LONDON: V.S. Naipaul, the Trinidad-born Nobel laureate whose celebrated writing and brittle, provocative personality drew admiration and revulsion in equal measures, died Saturday at his London home, his family said. He was 85.
His wife, Nadira Naipaul, said he was “a giant in all that he achieved and he died surrounded by those he loved having lived a life which was full of wonderful creativity and endeavor.”
Naipaul was awarded the Nobel Prize for Literature in 2001 “for having united perceptive narrative and incorruptible scrutiny in works that compel us to see the presence of suppressed histories.”
In an extraordinary career spanning half a century, the writer traveled as a self-described “barefoot colonial” from rural Trinidad to upper class England, picked up the most coveted literary awards and a knighthood, and was hailed as one of the greatest English writers of the 20th century.
Naipaul’s books explored colonialism and decolonization, exile and the struggles of the everyman in the developing world — themes that mirror his personal background and trajectory.
Although his writing was widely praised for its compassion toward the destitute and the displaced, Naipaul himself offended many with his arrogant behavior and jokes about former subjects of the empire.
Among his widely quoted comments: He called India a “slave society,” quipped that Africa has no future, and explained that Indian women wear a colored dot on their foreheads to say “my head is empty.” He laughed off the 1989 fatwa against Salman Rushdie as “an extreme form of literary criticism.”

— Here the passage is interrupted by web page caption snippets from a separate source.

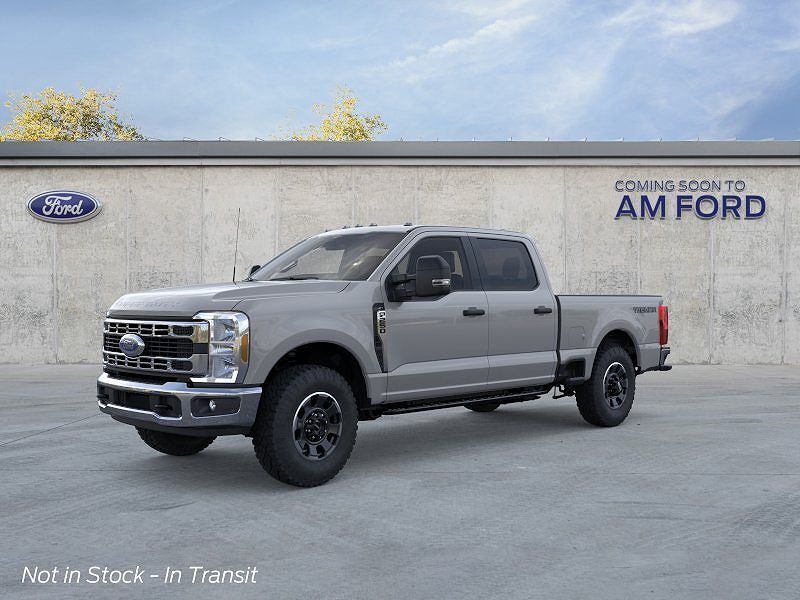 2026 FORD F-250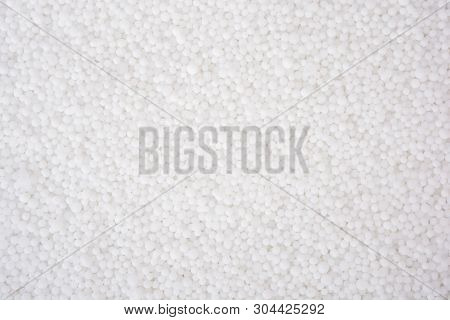 Photo Of Saltpeter Texture Consist Of Many Little Balls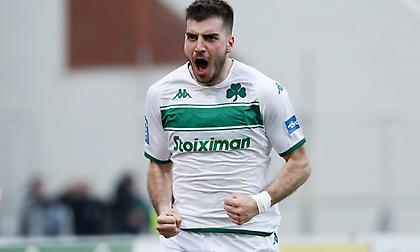 «Δένει» Ιωαννίδη ο Παναθηναϊκός - Υπογράφει νέο συμβόλαιο μέχρι το 2027!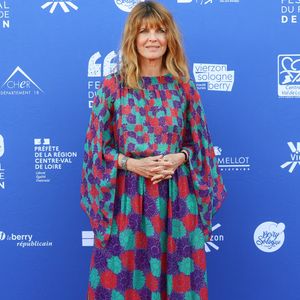 Gwendoline Hamon - Festival du film de Demain au Ciné Lumière à Vierzon le 30 Mai 2024. Coadic Guirec/Bestimage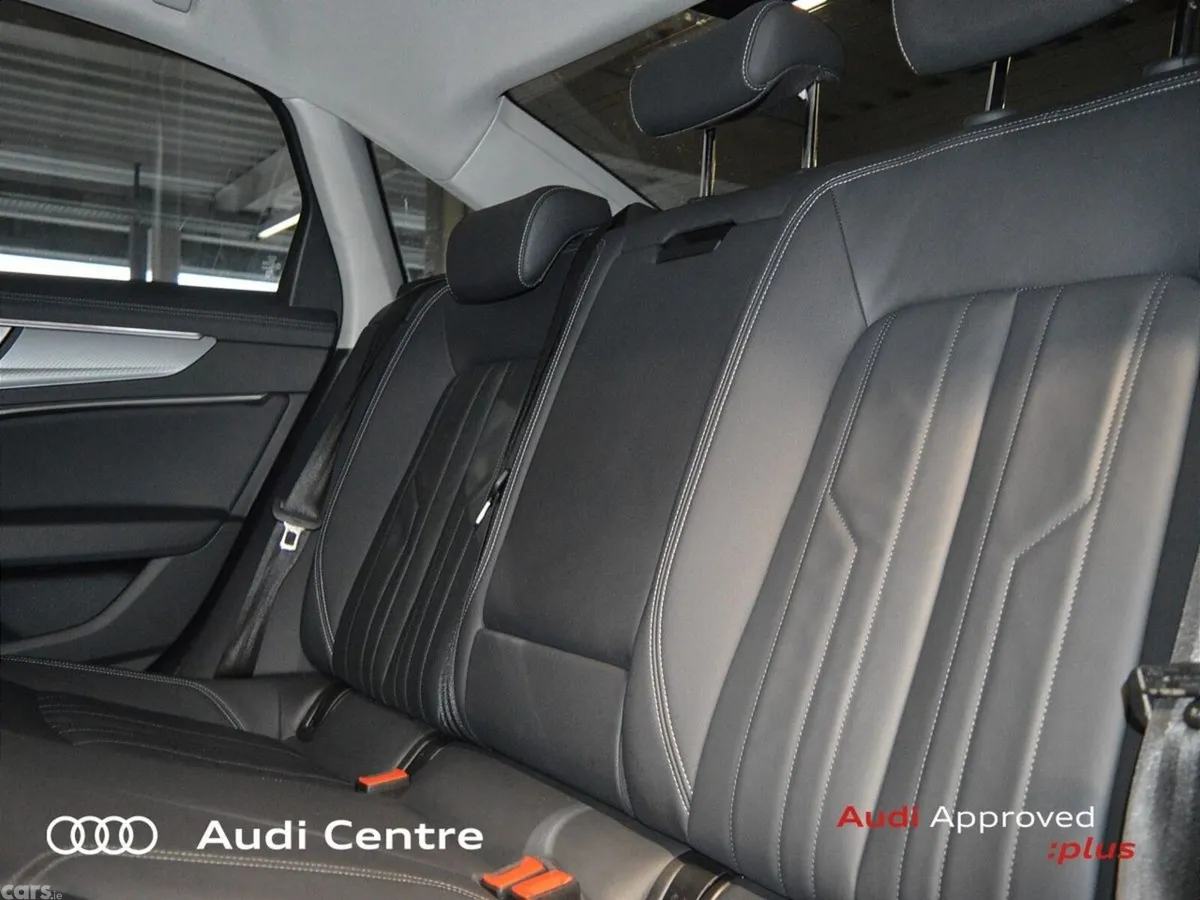 Audi A6 Saloon, Diesel, 2025, Black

The critic Terry Eagleton once said of Naipaul: “Great art, dreadful politics.” Caribbean Nobel Laureate Derek Walcott complained that the author’s prose was tainted by his “repulsion toward Negroes.”
C. L. R. James, a fellow Trinidadian writer, put it differently: Naipaul’s views, he wrote, simply reflected “what the whites want to say but dare not.”
Vidiadhar Surajprasad Naipaul — Vidia to those who knew him — was born on Aug. 17, 1932 in Trinidad, a descendant of impoverished Indians shipped to the West Indies as bonded laborers.
His father was an aspiring, self-taught novelist whose ambitions were killed by lack of opportunity; the son was determined to leave his homeland as soon as he could. In later years, he would repeatedly reject his birthplace as little more than a plantation.
“I was born there, yes,” he said of Trinidad to an interviewer in 1983. “I thought it was a great mistake.”
In 1950, Naipaul was awarded one of a few available government scholarships to study in England, and he left his family to begin his studies in English literature at University College, Oxford.
There he met his first wife, Patricia Hale, whom he married in 1955 without telling his family.
After graduation, Naipaul suffered a period of poverty and unemployment: he was asthmatic, starving and depending on his wife for income. Despite his Oxford education, he found himself surrounded by a hostile, xenophobic London.
“These people want to break my spirit ... They want me to know my place,” he wrote bitterly to his wife.
Naipaul eventually landed a radio job working for BBC World Service, where he discussed West Indian literature and found his footing as a writer. His breakthrough came in 1957 with his first published novel “The Mystic Masseur,” a humorous book about the lives of powerless people in a Trinidad ghetto.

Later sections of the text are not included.